There are some interesting firsts in Irish media history, one of them is the first live field sports broadcast in Europe on the national radio station, 2RN as it was then, which covered a hurling match between Galway and Kilkenny.
This was not without controversy though; the GAA worried that live broadcast of the game could affect attendance and insisted that the coverage of the game start only after a post kick-off delay. This was not unique to the GAA; in Britain such was the concern that radio or TV coverage could affect the all-important revenue generating gate receipts that for decades conservative forces in the FA and club ownership fought against the regular live broadcast of matches or even of extended highlight packages.
For certain generations the only games that they would likely witness on TV were the FA Cup final and certain home internationals. Even Match of the Day was originally limited to highlights of one game from the Saturday fixture list. This persisted into more recent decades with “live” matches being shown at half hour delay.
However into this old-fashioned and protectionist space moved British Sky Broadcasting in the early 1990’s. The time was ripe for a televised sport revolution. The 1990 World Cup, televised extensively and shown at times that suited a British TV audience was a ratings hit, helped in no small part by the English team reaching the semi-finals.
There was also something cinematic in its production, from the Nessun Dorma of the Three Tenors to Gazza’s tears, it showed that football could be spectacle and appeal to the more casual viewer, which is a theme covered well by Pete Davies in his excellent All Played Out.
The Taylor Report had also been published in that same year in response to the horrors of the Hillsborough disaster. It outlined a new way forward for British football and lead to massive investment in new stadiums, infrastructure and facilities that had been sorely lacking in previous decades. This had the effect of helping create a safer and more welcoming environment for families and potential football fans previously deterred from attending live football by the perceived danger of hooligan behaviour. Into this space came Sky Sports and a newly branded and separate top division; the Premier League. To a certain extent the marketing of English football had finally begun to come of age.
When the time came for England to host Euro 96, the regeneration of top level English football was well apace and a certain gentrification had begun to emerge, perhaps best summed in Roy Keane’s infamous prawn sandwich remark or John Thompson’s Nouveau Football Fan in The Fast Show.

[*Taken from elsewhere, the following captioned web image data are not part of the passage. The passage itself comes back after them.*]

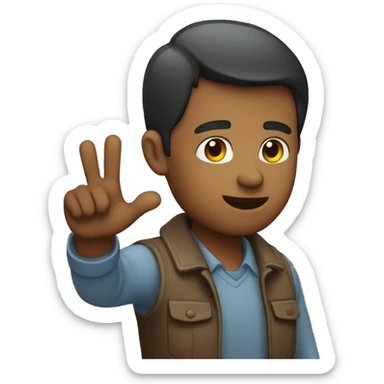 man raising his left hand sticker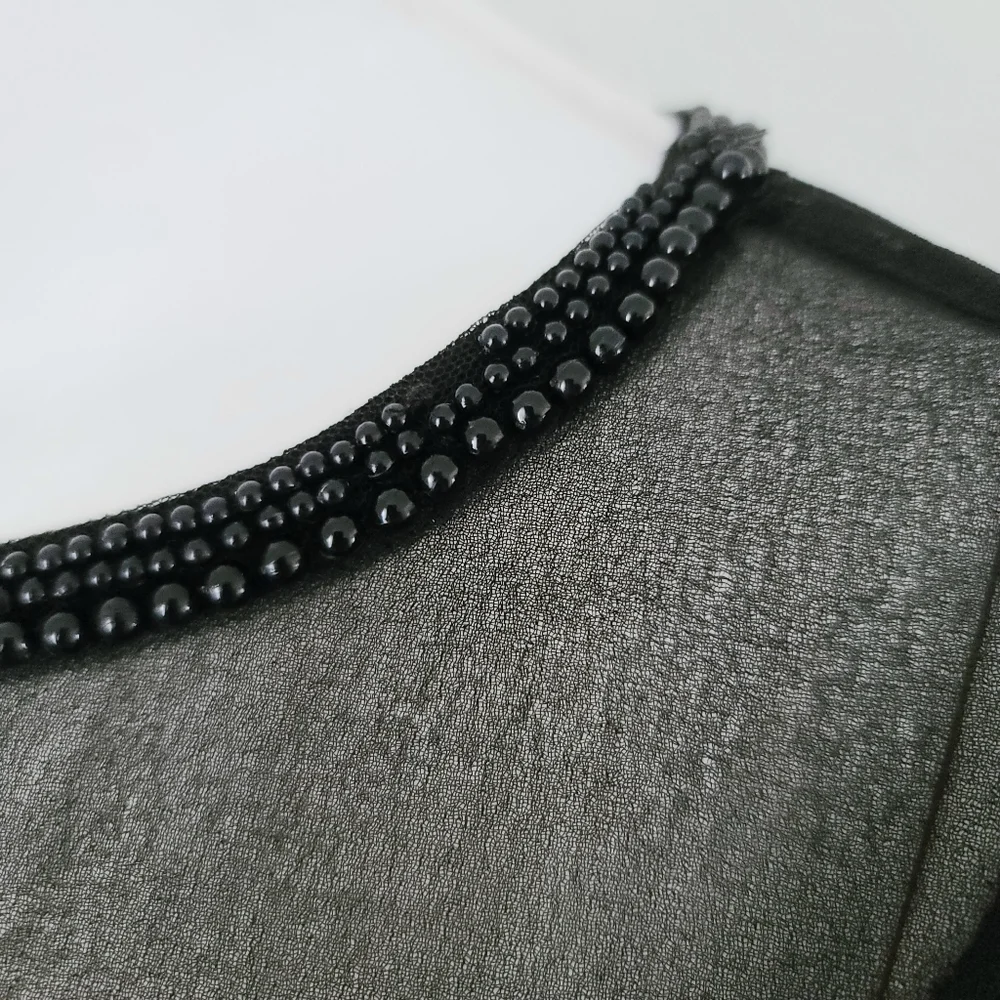 ZARA Black Sheer Lace Tee XS Beaded Neckline Mesh Nylon Punk Goth Sexy Top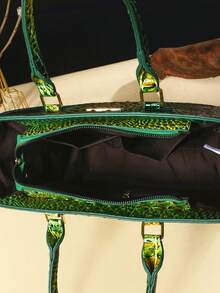 3-Piece Set: Colorful Crocodile Pattern Large Capacity Faux Leather Tote & Crossbody Bags With Matching Wallet Combo - 7#黃+綠色 已選中 - 查看 7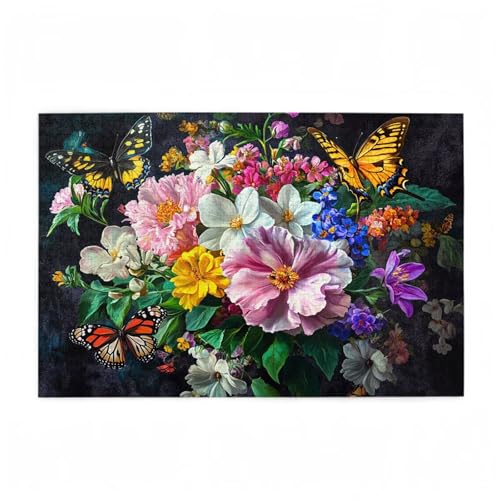 Schmetterling Puzzle Retro Puzzle Große 1500 Teile Erwachsene, Clevere Rätsel, Geschicklichkeitsspiel für die Ganze Familie, Holz Farbenfrohes Jigsaws mit Geschenkbox, Deko Wohnzimmer 87x57cm D-310 von Wehsaeho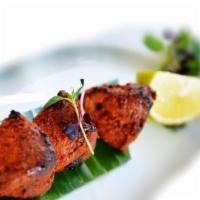 Angare Badak · Duck breast marinated with yogurt, spices and grilled in tandoor. 
Has cashew nuts 
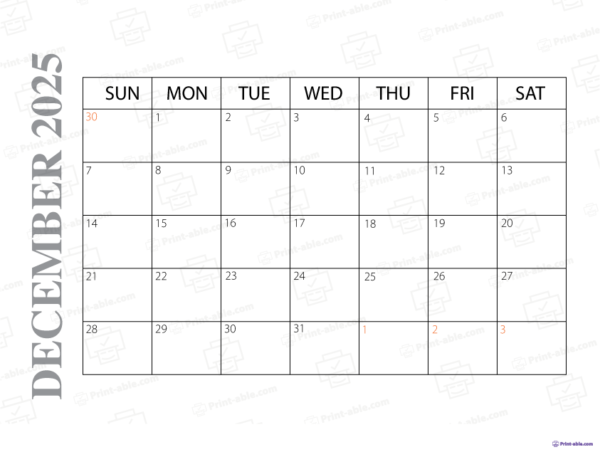 December 2025 Calendar Printable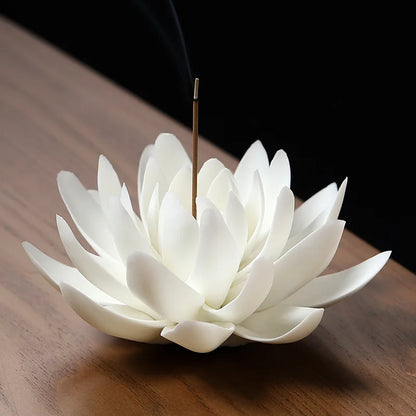 Ceramic White Lotus Incense Burner - The Dreamy Home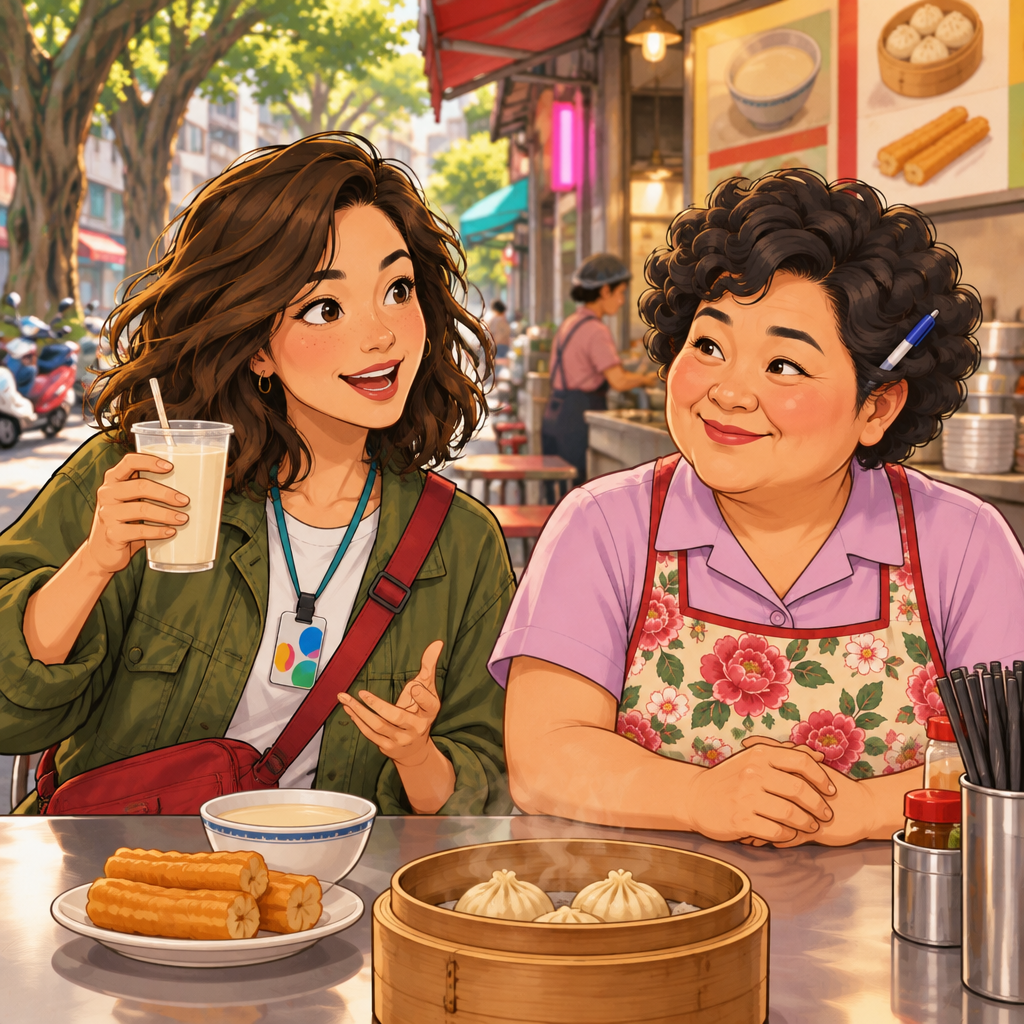 Maya tells Auntie Lin she likes soy milk, warmly holding up a cup of it.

Going from a decade that had witnessed the disasters of Bradford, Heysel and Hillsborough, the scourge of hooliganism, proposals for state issued ID cards for supporters and calls by Chelsea owner Ken Bates for electrified fencing, to a decade where football was now part of Cool Britannia, with politicians falling over themselves to talk up their footballing credentials, Tony Blair talking about his time following Newcastle in the era “just after Jackie Milburn”, it would be not too much to say that the change was meteoric.
Compare Blair’s cringey faux-blokeyness on Football Focus with Thatcher’s attitude to football fans and it would not be too much of the stretch to suggest that just over ten years previous to him taking office that Margaret Thatcher viewed football supporters as being of the same ilk as the trade unions when she dubbed them as the “Enemy Within”.
Fast forward to the present day and Sky remain a principal player in the TV coverage of football with BT the latest new kid on the block to challenge their dominance, TV coverage of football is ubiquitous and the amount of choice is, for practical purposes, infinite. The Premier League is the self-proclaimed “best league in the world” and football has become part of the establishment, its potential to promote the image of England overseas and generate tourist revenue is now well recognised as is the star power of individuals of like David Beckham. The revenue generated by TV rights continues to rise and beginning with the 2012-2013 season, overseas TV revenue will mean a £5.5 billion windfall for Premier League clubs, on top of the already huge domestic TV revenues.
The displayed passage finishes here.